Start of Recorded data

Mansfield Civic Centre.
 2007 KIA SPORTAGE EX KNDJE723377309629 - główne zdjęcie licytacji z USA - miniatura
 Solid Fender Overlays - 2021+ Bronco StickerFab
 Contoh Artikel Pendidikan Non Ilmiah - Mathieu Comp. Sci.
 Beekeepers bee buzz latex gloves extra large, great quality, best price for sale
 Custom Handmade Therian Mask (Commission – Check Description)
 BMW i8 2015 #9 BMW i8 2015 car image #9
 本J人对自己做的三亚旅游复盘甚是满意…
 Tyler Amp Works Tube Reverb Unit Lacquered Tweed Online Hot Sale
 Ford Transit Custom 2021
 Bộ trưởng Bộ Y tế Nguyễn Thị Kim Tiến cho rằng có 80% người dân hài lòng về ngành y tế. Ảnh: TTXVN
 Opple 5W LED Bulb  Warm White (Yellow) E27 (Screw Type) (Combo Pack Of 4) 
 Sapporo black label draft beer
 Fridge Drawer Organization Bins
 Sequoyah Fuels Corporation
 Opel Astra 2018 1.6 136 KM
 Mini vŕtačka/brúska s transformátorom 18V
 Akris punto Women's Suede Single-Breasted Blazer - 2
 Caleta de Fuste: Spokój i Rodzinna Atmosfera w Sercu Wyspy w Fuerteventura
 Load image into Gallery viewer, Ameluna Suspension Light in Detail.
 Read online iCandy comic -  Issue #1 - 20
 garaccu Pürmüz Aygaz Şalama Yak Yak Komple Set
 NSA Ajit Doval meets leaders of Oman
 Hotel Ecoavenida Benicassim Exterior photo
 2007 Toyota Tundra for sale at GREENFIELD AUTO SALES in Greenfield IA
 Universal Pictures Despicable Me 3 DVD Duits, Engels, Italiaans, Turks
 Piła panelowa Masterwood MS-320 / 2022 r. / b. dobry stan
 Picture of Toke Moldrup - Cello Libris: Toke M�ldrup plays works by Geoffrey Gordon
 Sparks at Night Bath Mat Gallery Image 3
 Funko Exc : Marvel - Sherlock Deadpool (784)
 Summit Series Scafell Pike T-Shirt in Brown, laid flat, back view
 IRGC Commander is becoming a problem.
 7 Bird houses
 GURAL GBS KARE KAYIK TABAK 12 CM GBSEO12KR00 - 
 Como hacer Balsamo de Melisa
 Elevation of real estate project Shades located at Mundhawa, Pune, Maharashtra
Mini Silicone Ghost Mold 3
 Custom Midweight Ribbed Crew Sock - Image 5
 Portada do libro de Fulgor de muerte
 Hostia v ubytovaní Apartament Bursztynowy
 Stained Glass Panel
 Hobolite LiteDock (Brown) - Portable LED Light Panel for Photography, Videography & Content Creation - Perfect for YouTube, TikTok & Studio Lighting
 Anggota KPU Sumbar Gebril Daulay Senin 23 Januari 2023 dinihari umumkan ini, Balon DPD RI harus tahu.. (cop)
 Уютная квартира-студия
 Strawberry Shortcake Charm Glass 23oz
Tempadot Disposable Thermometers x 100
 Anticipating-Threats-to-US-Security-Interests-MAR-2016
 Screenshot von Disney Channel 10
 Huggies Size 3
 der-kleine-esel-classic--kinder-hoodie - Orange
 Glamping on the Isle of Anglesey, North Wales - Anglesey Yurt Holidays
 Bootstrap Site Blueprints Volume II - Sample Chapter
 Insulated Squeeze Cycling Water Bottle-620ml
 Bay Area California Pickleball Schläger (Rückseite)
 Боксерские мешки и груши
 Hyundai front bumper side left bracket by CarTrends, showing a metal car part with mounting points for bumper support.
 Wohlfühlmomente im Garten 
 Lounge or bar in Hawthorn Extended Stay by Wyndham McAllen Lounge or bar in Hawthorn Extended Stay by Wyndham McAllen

End of Recorded data

Instructions to follow
An exact copy of every entry is what is needed here.

Solved exercise
Mansfield Civic Centre.
 2007 KIA SPORTAGE EX KNDJE723377309629 - główne zdjęcie licytacji z USA - miniatura
 Solid Fender Overlays - 2021+ Bronco StickerFab
 Contoh Artikel Pendidikan Non Ilmiah - Mathieu Comp. Sci.
 Beekeepers bee buzz latex gloves extra large, great quality, best price for sale
 Custom Handmade Therian Mask (Commission – Check Description)
 BMW i8 2015 #9 BMW i8 2015 car image #9
 本J人对自己做的三亚旅游复盘甚是满意…
 Tyler Amp Works Tube Reverb Unit Lacquered Tweed Online Hot Sale
 Ford Transit Custom 2021
 Bộ trưởng Bộ Y tế Nguyễn Thị Kim Tiến cho rằng có 80% người dân hài lòng về ngành y tế. Ảnh: TTXVN
 Opple 5W LED Bulb  Warm White (Yellow) E27 (Screw Type) (Combo Pack Of 4) 
 Sapporo black label draft beer
 Fridge Drawer Organization Bins
 Sequoyah Fuels Corporation
 Opel Astra 2018 1.6 136 KM
 Mini vŕtačka/brúska s transformátorom 18V
 Akris punto Women's Suede Single-Breasted Blazer - 2
 Caleta de Fuste: Spokój i Rodzinna Atmosfera w Sercu Wyspy w Fuerteventura
 Load image into Gallery viewer, Ameluna Suspension Light in Detail.
 Read online iCandy comic -  Issue #1 - 20
 garaccu Pürmüz Aygaz Şalama Yak Yak Komple Set
 NSA Ajit Doval meets leaders of Oman
 Hotel Ecoavenida Benicassim Exterior photo
 2007 Toyota Tundra for sale at GREENFIELD AUTO SALES in Greenfield IA
 Universal Pictures Despicable Me 3 DVD Duits, Engels, Italiaans, Turks
 Piła panelowa Masterwood MS-320 / 2022 r. / b. dobry stan
 Picture of Toke Moldrup - Cello Libris: Toke M�ldrup plays works by Geoffrey Gordon
 Sparks at Night Bath Mat Gallery Image 3
 Funko Exc : Marvel - Sherlock Deadpool (784)
 Summit Series Scafell Pike T-Shirt in Brown, laid flat, back view
 IRGC Commander is becoming a problem.
 7 Bird houses
 GURAL GBS KARE KAYIK TABAK 12 CM GBSEO12KR00 - 
 Como hacer Balsamo de Melisa
 Elevation of real estate project Shades located at Mundhawa, Pune, Maharashtra
Mini Silicone Ghost Mold 3
 Custom Midweight Ribbed Crew Sock - Image 5
 Portada do libro de Fulgor de muerte
 Hostia v ubytovaní Apartament Bursztynowy
 Stained Glass Panel
 Hobolite LiteDock (Brown) - Portable LED Light Panel for Photography, Videography & Content Creation - Perfect for YouTube, TikTok & Studio Lighting
 Anggota KPU Sumbar Gebril Daulay Senin 23 Januari 2023 dinihari umumkan ini, Balon DPD RI harus tahu.. (cop)
 Уютная квартира-студия
 Strawberry Shortcake Charm Glass 23oz
Tempadot Disposable Thermometers x 100
 Anticipating-Threats-to-US-Security-Interests-MAR-2016
 Screenshot von Disney Channel 10
 Huggies Size 3
 der-kleine-esel-classic--kinder-hoodie - Orange
 Glamping on the Isle of Anglesey, North Wales - Anglesey Yurt Holidays
 Bootstrap Site Blueprints Volume II - Sample Chapter
 Insulated Squeeze Cycling Water Bottle-620ml
 Bay Area California Pickleball Schläger (Rückseite)
 Боксерские мешки и груши
 Hyundai front bumper side left bracket by CarTrends, showing a metal car part with mounting points for bumper support.
 Wohlfühlmomente im Garten 
 Lounge or bar in Hawthorn Extended Stay by Wyndham McAllen Lounge or bar in Hawthorn Extended Stay by Wyndham McAllen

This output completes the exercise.